Allow retrievals from external data sources. Provide a few drivers (native FB, JDBC, ODBC) in the distros. Add DDL to declare and DML to use such sources. Implement optimization of retrievals for native data sources.

priority = high
complexity = research
External functions/procedures

Allow to create procedures/functions written in non-PSQL languages. Provide a few drivers (cdecl, Java, .NET) in the distros.

priority = high
complexity = design/implementation (partially done in Fyracle)
Full-text search

Implement FTS features inside the engine or add API to plug the external FTS engines in. FB seems to be the only one RDBMS that don't have this feature yet.

priority = medium
complexity = research
Clustering

MySQL supports clusters (AFAIK, only shared-memory so far), PostgreSQL shared-disk implementation is in the way. More and more buzz about this feature around the world. We should compete.

priority = medium
complexity = research
Bi-directional indices

Allow reversed index navigation to use ASC-indices for DESC sorting and vice versa.

priority = medium
complexity = implementation
Referential integrity without indices

Implement (optionally) foreign keys that are not enforced by indices. Also provide an ability to reuse the existing index for a constraint.

priority = medium
complexity = design
Bulk load/import

Implement effective massive load ability. Provide utility/syntax to use different input formats (csv, xml schema, etc) for import.

priority = medium
complexity = design
Bi-directional cursors

Consider implementation of scrollable cursors inside the engine or provide a thin layer at the top of the RSB hierarchy to implement the feature via the caching.

priority = low
complexity = research
XML integration

Provide at least fetch to XML and insert from XML abilities. Consider having BLOB SUB_TYPE XML and implementing XPath queries.

priority = low
complexity = research

Obviously, the aforementioned list is not complete, it includes only the changes that we consider mostly important. If this list misses your favourite wish, speak now!

Now let's create a matrix where most preferrable and easy-to-do features are placed in the top-left corner and most hard-to-implement and/or less wanted ones are in the bottom-right corner. If you'll be moving from one of these corners to another you'll see a most probable feature implementation roadmap. Recalling what has been said before, we could imagine a more detailed roadmap:

Firebird 3.0 (the merged version):

Monitoring
Asynchronous statement cancellation
Embedded users / SQL users management
More built-in functions
Temporary tables
SQL functions
Recursive queries
Faster outer joins
SMP support in SS
Compiled statements cache
External functions/procedures

As you can see (and as it has been stated earlier), version 3.0 is expected to include the work already done and a few features that are highly wanted and relatively easy to implement. Everything else tends to slow the development down and hence is excluded from the above list.

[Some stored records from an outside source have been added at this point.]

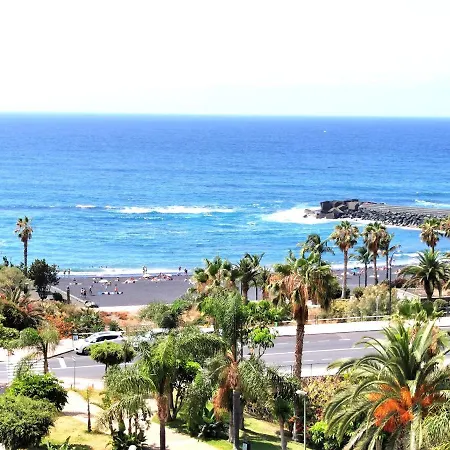 Appartement Le Paradis De Puerto De La Cruz *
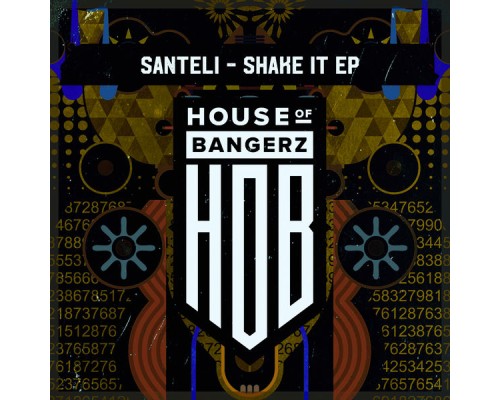 Santeli - Shake It (Original Mix)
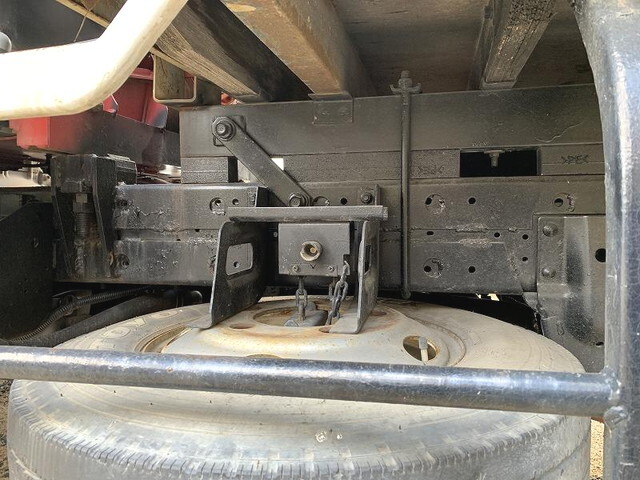 いすゞエルフクレーン3段小型（2t・3t）[写真15]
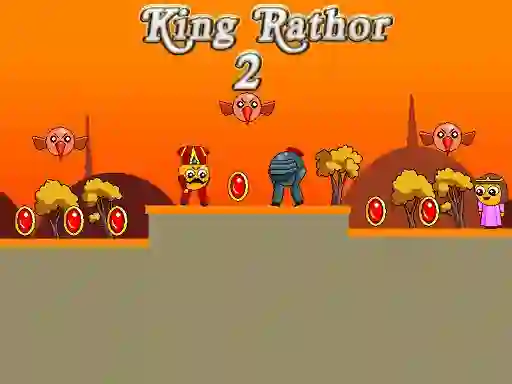 Žaidimas King Rathor 2 internete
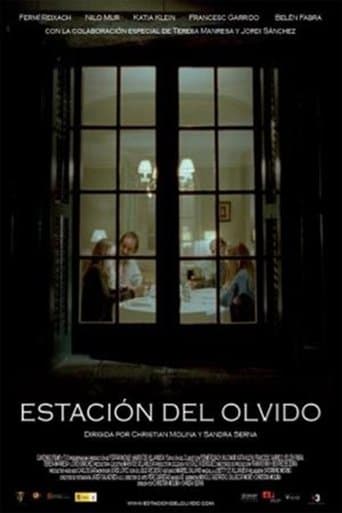 Movie poster for Station of the Forgotten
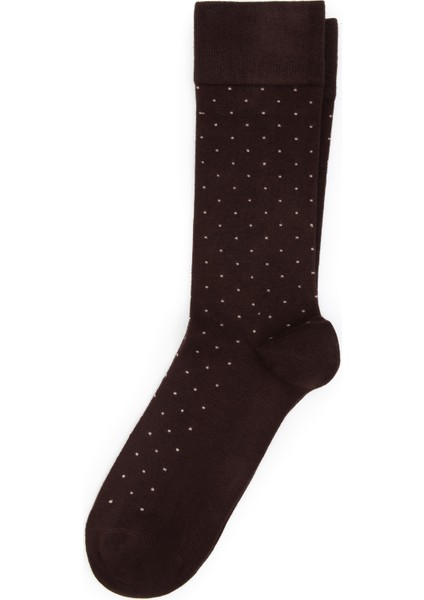 Erkek Kahverengi Çorap 50318203-400 fiyatları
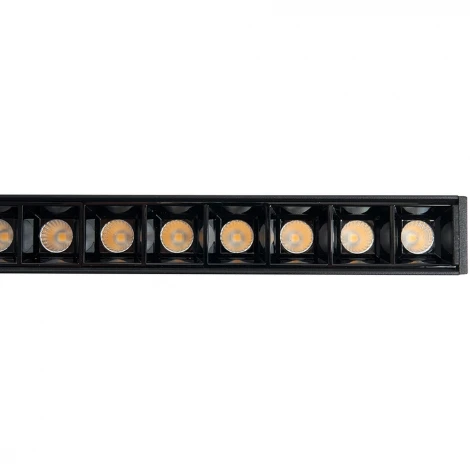 Трековый светодиодный светильник Downlight Feron MGN300 41933 низковольтный 24W 48V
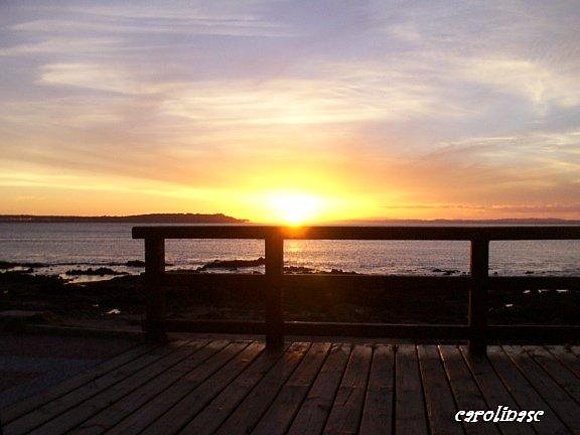 TODO PASA ....EL AMANECER HA LLEGADO ...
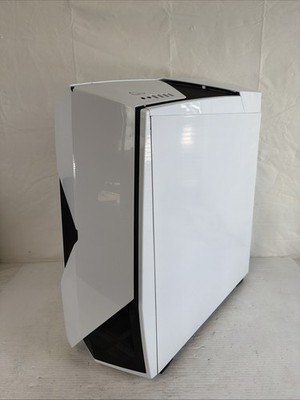 NZXT Phantom 410 Gaming Case - Power Supply & Lights Only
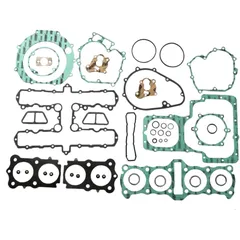Complete gasket / seal kit ATHENA for: Kawasaki GPZ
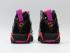 Nike Air Jordan 7 Retro Patent-Leather Negro 313358-006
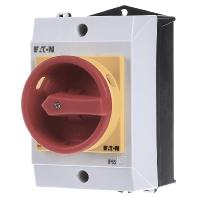 Eaton T0-2-15679/I1/SVB Nokkenschakelaar 20 A 690 V 1 x 90 ° Geel, Rood 1 stuk(s) - thumbnail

Firebird 3.0+ (the next major version):

Detailed logging/audit
SQL tracing/profilingUser permissions for metadata
Pluggable authentication modules
Security groups
Long exact numeric implementation
Domains everywhere
Regular expressions
TEXT BLOB compatible with [VAR]CHAR
Reliable logical backup
Optimizer improvements
Statement consistency/atomicy, read committed compliance
Optimized network protocol
Bi-directional indices
Referential integrity without indices
Bulk load/import

It would also be excellent to design schemas/namespaces and longer metadata names for 3.0+, but no promises here. The same for external data sources and deferred constraints.

Firebird 3.0++ (something we don't have a schedule for yet):

PSQL debugging extentions/hooks
Database encryption
More access paths
Full-text search
Clustering
Bi-directional cursors
XML integration

Of course, some intermediate or minor releases may happen in the meantime, as we'll try to make the release cycles shorter. As soon as the details are discussed and agreed on among the project admins, you'll see both an actual short-term roadmap and an expected long-term roadmap on our site.